There are a few themes that seem to be emerging as important ones:
— Recognizing the “law of graduality,” which acknowledges that the Christian path toward holiness develops in steps and stages, and that immediate acceptance of church teachings (like the rejection of birth control) may be an unrealistic expectation.
— The church’s language on marriage and family issues should be welcoming and invitational, not absolute and off-putting.
— The annulment process needs to be simplified. There’s a strong case being made that many modern marriages may be invalid because couples lack the proper level of faith and understanding of the sacrament.

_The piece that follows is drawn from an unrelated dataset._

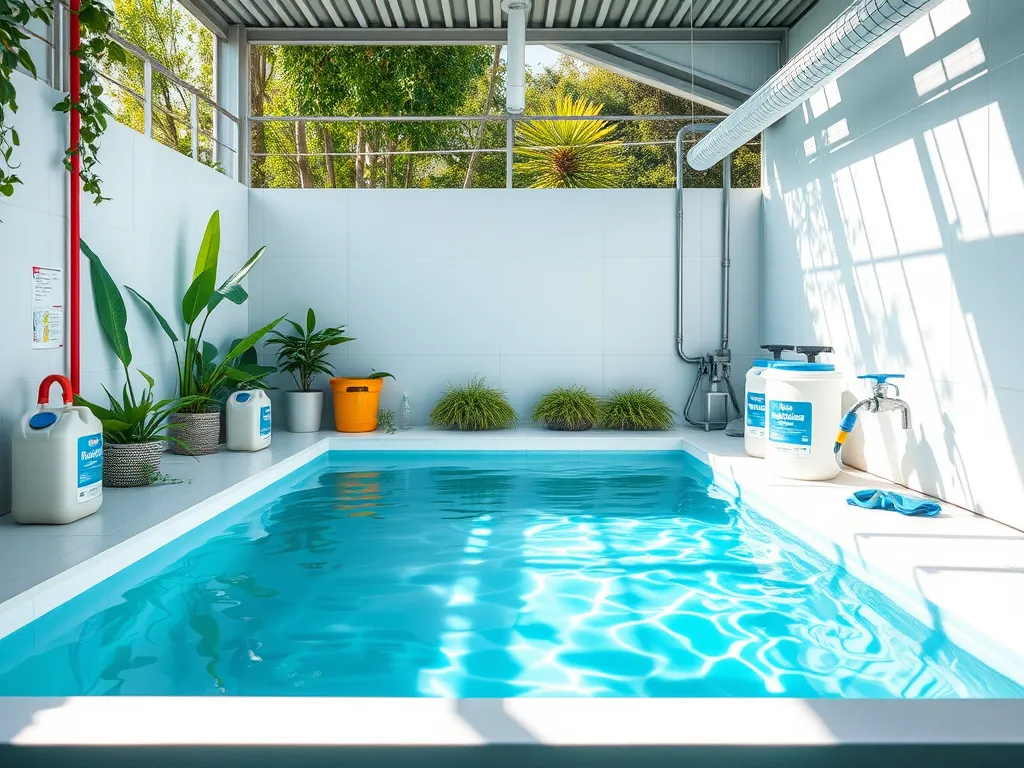 A bright and clean swimming pool surrounded by plants, depicting high hardness water conditions.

— Despite social changes, the nuclear family is not outdated and remains the ideal for societies around the world. In this sense, the synod seems reluctant to entertain the notion that the changing configuration of families may bring positive values and new opportunities.

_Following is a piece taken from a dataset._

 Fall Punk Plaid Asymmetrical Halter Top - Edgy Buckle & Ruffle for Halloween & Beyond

— That no change in doctrine will be considered at this synod. We’ve already heard this proclaimed several times, though I’m not sure what it means. Doctrine develops in the church, just as people’s understanding of Scripture and revelation develop. I expect this point will be taken up more fully on the synod floor – but it’s too bad we on the outside may not hear much about it.
By giving journalists only a drip of information, the Vatican is clearly trying to give bishops the freedom to talk frankly and openly. It is also trying not to feed the media’s tendency to proclaim winners and losers, as if this were a legislative process with up and down votes.
Been thinking, how would this “gradualism” approach work, say, to priestly celibacy and chastity? If families can’t be expected to practice Natural Family Planning and adhere to the teachings of Humanae Vitae, but may be expected to come to this understanding gradually, how can we expect priests to accept fully the complete chastity and celibacy expected of them? Perhaps a gradual approach for them, too? (Just kidding, but you can see how “gradualism” can be misused.) Actually, not kidding, because perhaps some priests who have lost the faith but like the job do have sex lives and think that does not interfere with their being a “good bishop” or whatever.
A lot of the problem is a loss of faith. How does one impart a supernatural faith one does not have? How can this supernatural faith and the power of the Holy Spirit to live by the Spirit be transmitted?